Tri + Kakut + Dhama = trikakubdhāma; here ‘Tri’ means three, ‘Kakt’ means pinnacle or worlds, ‘Dhama’ one who resides. Trikakubdhāma means one who resides at the three pinnacles or in three worlds. Earth, Sky, and Heavens are the three pinnacles or worlds. There are three positions in these three pinnacles. On earth it is ‘Swetha Dweepa’, in sky it is ‘Anantasana’, in heavens it is ‘Vaikunta’. Three radiant forms – Brahma, Vishnu, and Maheshwara. Three letters in Omkara - Aa, Uu and Ma. For these three letters, the three words – “Bhur Bhuvaḥ Swaḥ”. From these three words, three metre (as in music, refers to the regularly recurring patterns and accents such as bars and beats) – “Tat-savitur Vareñyaṃ, Bhargo Devasya Dheemah, Dhiyo Yonaḥ Prachodayāt”. The three orders presented in three metre – ‘Purusha Suktah’ (the first order 1-5, the second order 6-10, and the third order 11-16). From the orders the most famous three Veda’s – ‘Rig Veda, Yajur Veda, and Sama Veda’. Hence everything mentioned is a pinnacle. Hence Trikakubdhāma means: one who resides in three worlds; one resides in the three permanent positions in these three worlds; one who resides in the three radiant forms; the one who is established in the three letters ‘Om’; the one who is praised in three metre; the one who is praised in three orders in Purusha Suktha; the one who is praised in three Vedas .etc.,

In summary Trikakubdhāma means one who is present in three worlds in three forms, in all letters, in all scriptures and orders.

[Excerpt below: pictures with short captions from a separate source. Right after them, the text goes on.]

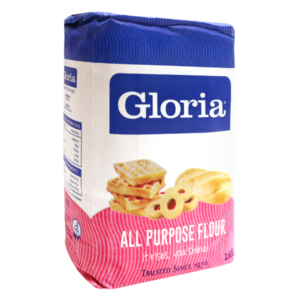 Gloria All-purpose Flour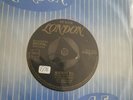 Gold London,  Fats Domino,  Blueberry Hill,  London Tri.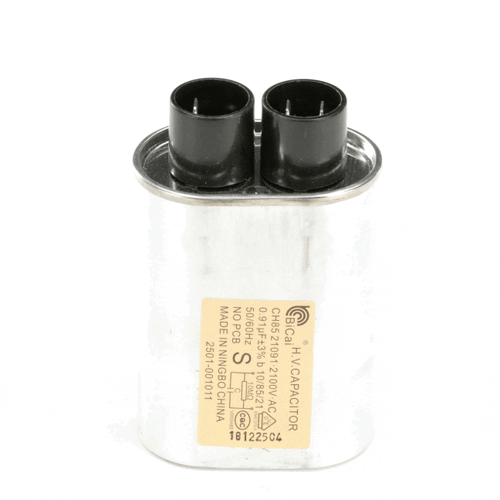 GE Capacitor 2100V/0.91 Microf - WB27X10011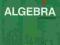 ALGEBRA DLA STUDENTA - J. KLUKOWSKI, I. NABIAŁEK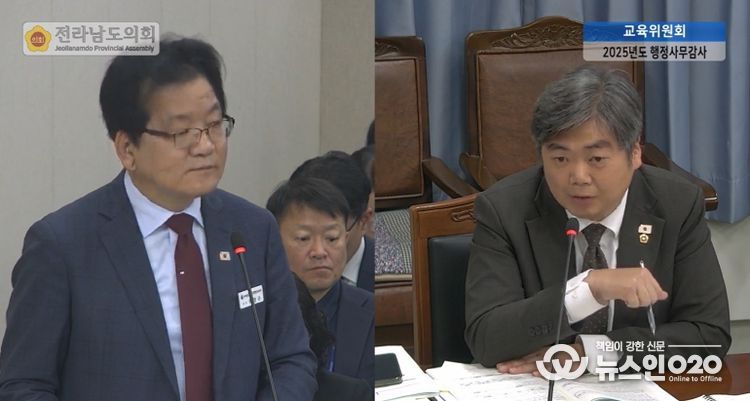 박원종 의원 청소년제안마당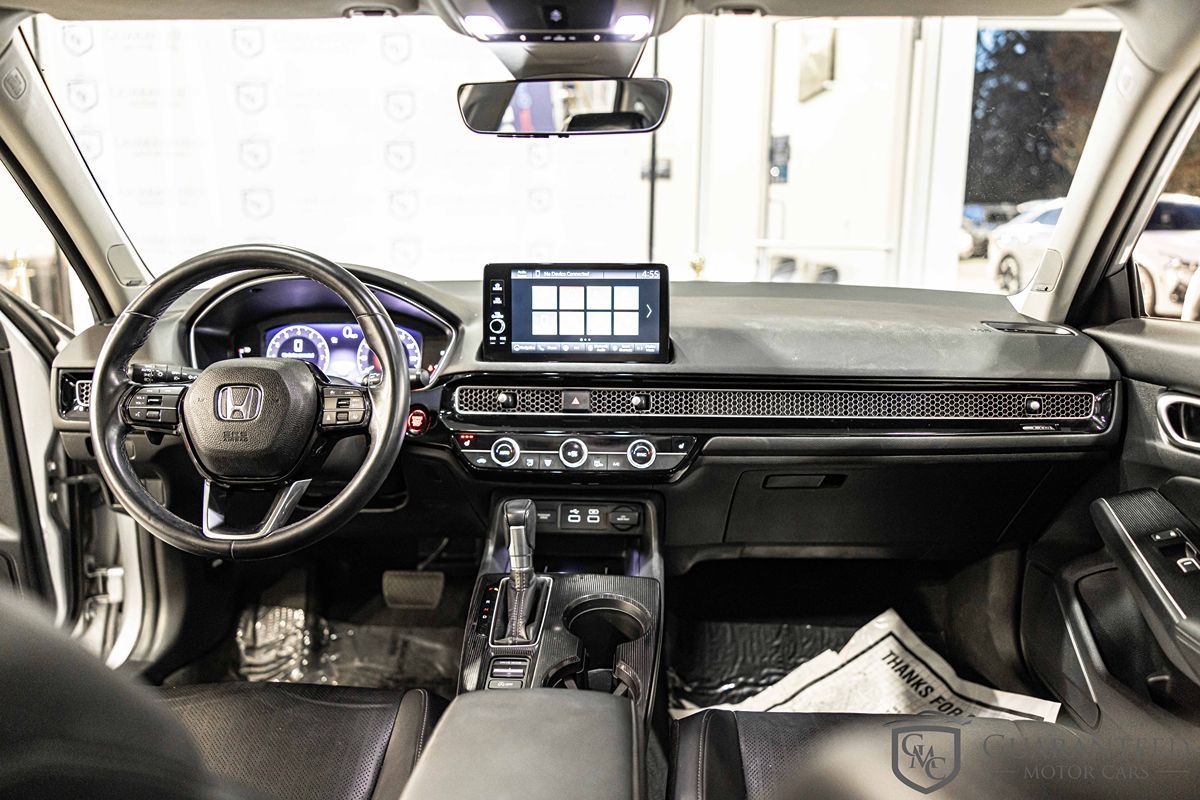 2022 HONDA CIVIC - Image 36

Once God leaves this body, the body becomes inauspicious. Hence, one who is capable of making one auspicious is ‘Pavitra’. However, this mortal Body is not Auspicious. Our Body is like Lotus born in muddy water.The mud or impurities present in this body are many, one achieves auspiciousness once one leaves this mortal body. Permanent auspiciousness is when one reach salvation. The one who grants Salvation is know and pavitraṃ.

maṅgalaṃ (maṃgalaṃ) param

maṅgalaṃ means upliftment or Kalyana (Upa in Upanishad also conveys the same meaning). Usually, marriage is called Kalyana. The women wear Mangalasutra after wedding. However, all weddings do not lead to upliftment! By which wedding, man and woman achieve spiritual upliftment is called Kalyana. The wedding that leads us to spiritual downfall is not upliftment but inauspicious. The death that leads us to salvation is Kalyana, suicide is inauspicious and leads to spiritual downfall. One who dedicates his good Karma (SatKarma) to God is auspicious (like Pandavas did). One who does Karma to benefit oneself is inauspicious (DushKarma). Just performing SatKarma is not upliftment, but one who does not perform DushKarma after doing SatKarma is upliftment and that is salvation. God is auspicious and leads us always towards upliftment by making us perform SatKarma – hence he is maṅgalaṃ (maṃgalaṃ) param.